● **WORK TO BE COMPLETED**:
Repeat exactly the line containing "1960's Black and White Filigree Earrings" and every line after it in the entries, and nothing besides.

*** Begin section ***

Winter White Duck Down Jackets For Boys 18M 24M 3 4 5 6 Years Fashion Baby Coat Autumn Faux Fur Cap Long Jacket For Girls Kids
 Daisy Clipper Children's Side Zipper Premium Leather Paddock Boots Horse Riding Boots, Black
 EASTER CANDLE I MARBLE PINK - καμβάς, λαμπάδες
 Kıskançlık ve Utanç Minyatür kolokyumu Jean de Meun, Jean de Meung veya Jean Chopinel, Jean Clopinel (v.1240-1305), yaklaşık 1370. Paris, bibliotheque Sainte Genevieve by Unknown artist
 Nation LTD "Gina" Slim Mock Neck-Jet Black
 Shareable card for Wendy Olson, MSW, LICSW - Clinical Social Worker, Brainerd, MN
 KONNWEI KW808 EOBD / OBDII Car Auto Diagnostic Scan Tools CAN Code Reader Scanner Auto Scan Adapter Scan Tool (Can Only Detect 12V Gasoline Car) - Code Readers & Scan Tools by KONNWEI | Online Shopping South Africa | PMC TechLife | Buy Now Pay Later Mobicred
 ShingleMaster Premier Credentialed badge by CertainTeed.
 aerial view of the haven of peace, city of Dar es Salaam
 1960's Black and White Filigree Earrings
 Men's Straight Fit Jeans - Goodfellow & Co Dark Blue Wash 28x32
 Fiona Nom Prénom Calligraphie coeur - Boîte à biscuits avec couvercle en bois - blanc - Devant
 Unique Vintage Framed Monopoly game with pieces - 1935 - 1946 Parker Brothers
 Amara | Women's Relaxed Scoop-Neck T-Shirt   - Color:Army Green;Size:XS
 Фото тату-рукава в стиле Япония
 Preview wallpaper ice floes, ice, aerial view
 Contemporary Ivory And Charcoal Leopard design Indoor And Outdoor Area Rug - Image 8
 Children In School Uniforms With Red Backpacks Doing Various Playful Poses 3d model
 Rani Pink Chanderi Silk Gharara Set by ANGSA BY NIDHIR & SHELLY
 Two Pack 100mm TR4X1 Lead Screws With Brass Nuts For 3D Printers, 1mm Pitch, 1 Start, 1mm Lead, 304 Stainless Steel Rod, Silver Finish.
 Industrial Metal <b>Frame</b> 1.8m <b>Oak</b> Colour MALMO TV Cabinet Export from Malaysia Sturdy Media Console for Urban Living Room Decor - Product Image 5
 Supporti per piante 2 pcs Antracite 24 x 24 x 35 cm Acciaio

*** End section ***

● **ANSWER SECTION**:
 1960's Black and White Filigree Earrings
 Men's Straight Fit Jeans - Goodfellow & Co Dark Blue Wash 28x32
 Fiona Nom Prénom Calligraphie coeur - Boîte à biscuits avec couvercle en bois - blanc - Devant
 Unique Vintage Framed Monopoly game with pieces - 1935 - 1946 Parker Brothers
 Amara | Women's Relaxed Scoop-Neck T-Shirt   - Color:Army Green;Size:XS
 Фото тату-рукава в стиле Япония
 Preview wallpaper ice floes, ice, aerial view
 Contemporary Ivory And Charcoal Leopard design Indoor And Outdoor Area Rug - Image 8
 Children In School Uniforms With Red Backpacks Doing Various Playful Poses 3d model
 Rani Pink Chanderi Silk Gharara Set by ANGSA BY NIDHIR & SHELLY
 Two Pack 100mm TR4X1 Lead Screws With Brass Nuts For 3D Printers, 1mm Pitch, 1 Start, 1mm Lead, 304 Stainless Steel Rod, Silver Finish.
 Industrial Metal <b>Frame</b> 1.8m <b>Oak</b> Colour MALMO TV Cabinet Export from Malaysia Sturdy Media Console for Urban Living Room Decor - Product Image 5
 Supporti per piante 2 pcs Antracite 24 x 24 x 35 cm Acciaio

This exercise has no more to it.